Re: PROPOSAL: i74: Encoding for non-ASCII headers

On Apr 3, 2008, at 5:04 PM, Mark Nottingham wrote:
> Roy, you often talk about things that will happen as part of the  
> partitioning, but it's not clear what's involved. Do you have a  
> roadmap of what you'd like to happen? If we're going to attempt  
> substantial rewrites of different sections, we need to start that  
> process soon.

My roadmap is to make each part independent and complete.  It should  
only
affect the requirements that are vaguely specified as applying to HTTP
as a whole (most notably in part 1 where the message is parsed, where
connections are managed, and the spaghetti cross-references and  
redundant
requirements in caching).  Absolutely no protocol changes will occur as
a result -- only removal of overspecification.

> Without some idea of that, it's going to be difficult to make any  
> forward progress if we have to block any substantive issues on  
> future rewrites that we may or may not do.

This is only the second issue (out of 90+) that I have asked to be
deferred.  Are we making progress right now by driving for consensus
on an absolutely pointless and UNIMPLEMENTED issue?  Even if you
derive an answer, it is inherently bogus and can't be published
because we still must have two implementations of every requirement.
That's why I keep asking for demonstrated need -- if we can't  
demonstrate
that a new requirement is needed, then there is no reason to discuss
the text of a solution.  It is false progress and it prevents me from
allocating my own time more wisely.

>> The parsing algorithm will not say anything about C1 controls because
>> no known implementation of HTTP checks for C1 controls.
>
> That doesn't follow.
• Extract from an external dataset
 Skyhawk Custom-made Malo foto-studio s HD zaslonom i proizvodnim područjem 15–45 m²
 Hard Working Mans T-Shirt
If there are security or interoperability  
> implications
> of C1 controls in text, it certainly deserves consideration.
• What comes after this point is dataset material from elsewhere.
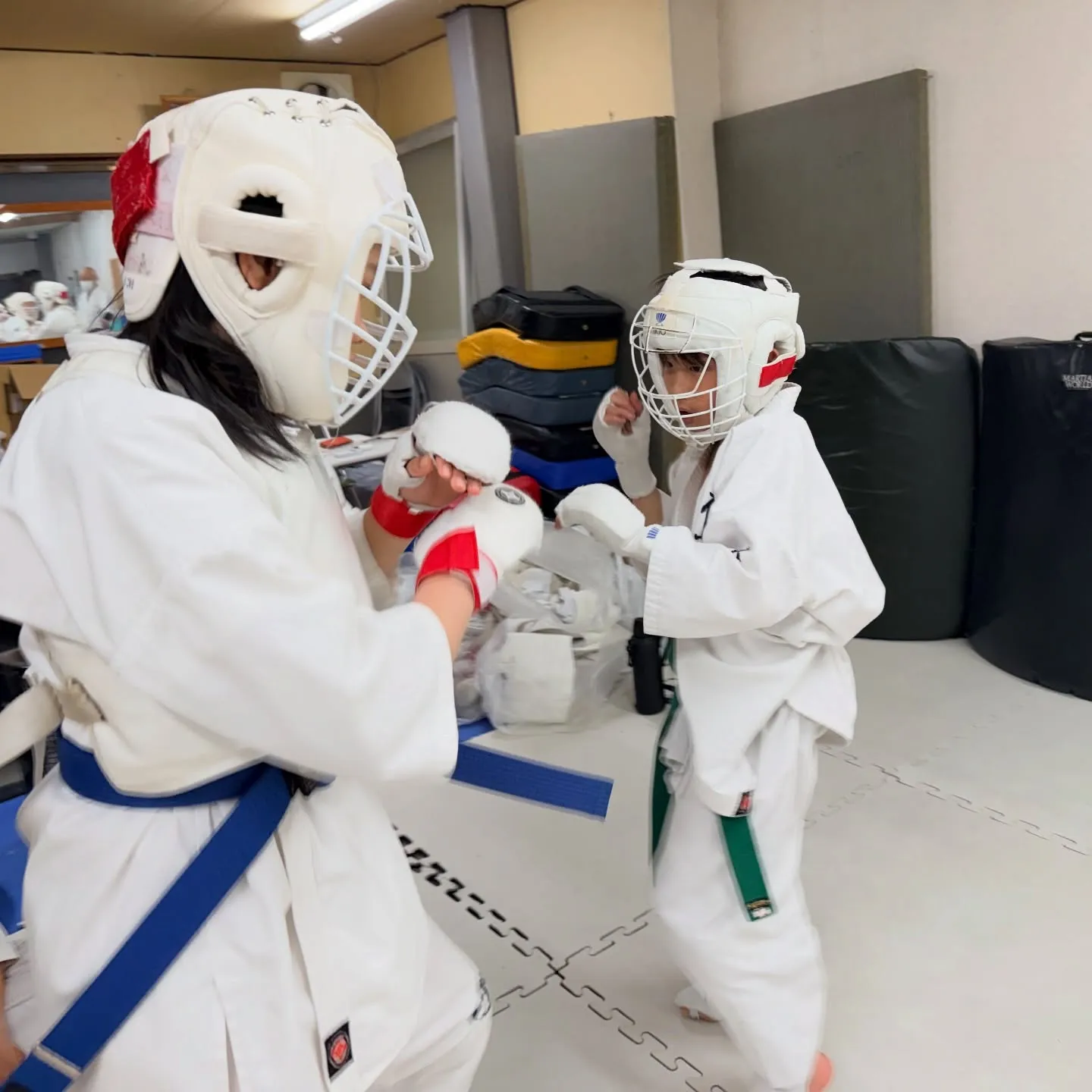 少し暖かくなりました！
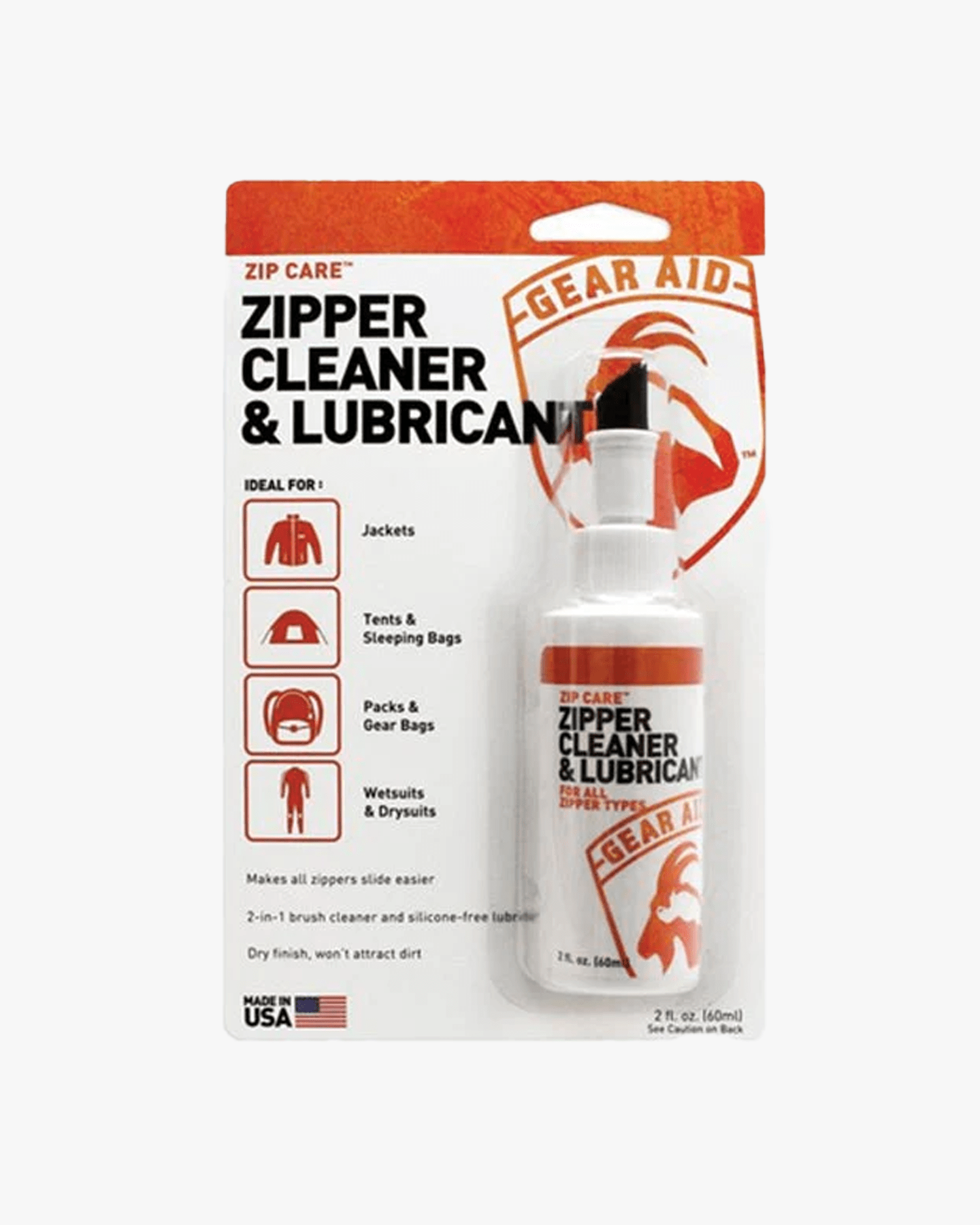 gear aid’s zip care bottle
There aren't any for HTTP.

> Also, while the message parsing machinery doesn't touch TEXT, there  
> are other parts of implementations that do -- e.g., command-line  
> tools, Web forms for configuring servers and proxies, configuration  
> files, and so forth. Just because it's payload doesn't mean that it  
> doesn't have implementation impact.

It does have implementation impact in the four fields that I described,
each of which are defined in a different location.  Two of those  
locations
(body and defined header fields) are specified already.  Reason  
Phrase is
solidly iso-8859-1 and already ignored.  That leaves extension-field,
which can say whatever we like without impacting standard status because
it is specifically defined for extensions.  This will be obvious after
the message parsing algorithm in Part 1 is properly specified and
verified against current practice, which is why I asked that the issue
be deferred.  I'll have time to work on it after April 13, when I get
back from ApacheCon in Amsterdam where I am giving two presentations
next week.

Meanwhile, if you really want to make progress on *this* issue, then the
way forward is to start using the wiki to collect experience reports
on what is and is not implemented in practice.  Further discussion is  
*not*
making progress.  In particular, ask the working group to help  
demonstrate
implementation practice instead of just offering opinions.  Encourage
folks to try using SetHeader in Apache, its equivalent in IIS, Squid,
and others.  Try doing the same with javascript or extensions in  
browsers.
We might find that raw UTF-8 is already possible for extension fields.
Or it may be that OCTETs are the only things that matter and no existing
character encoding truly applies.  In any case, it is easier to find
compliant implementations if we reduce the number of existing  
requirements
rather than add to them.

....Roy

Received on Friday, 4 April 2008 01:21:50 UTC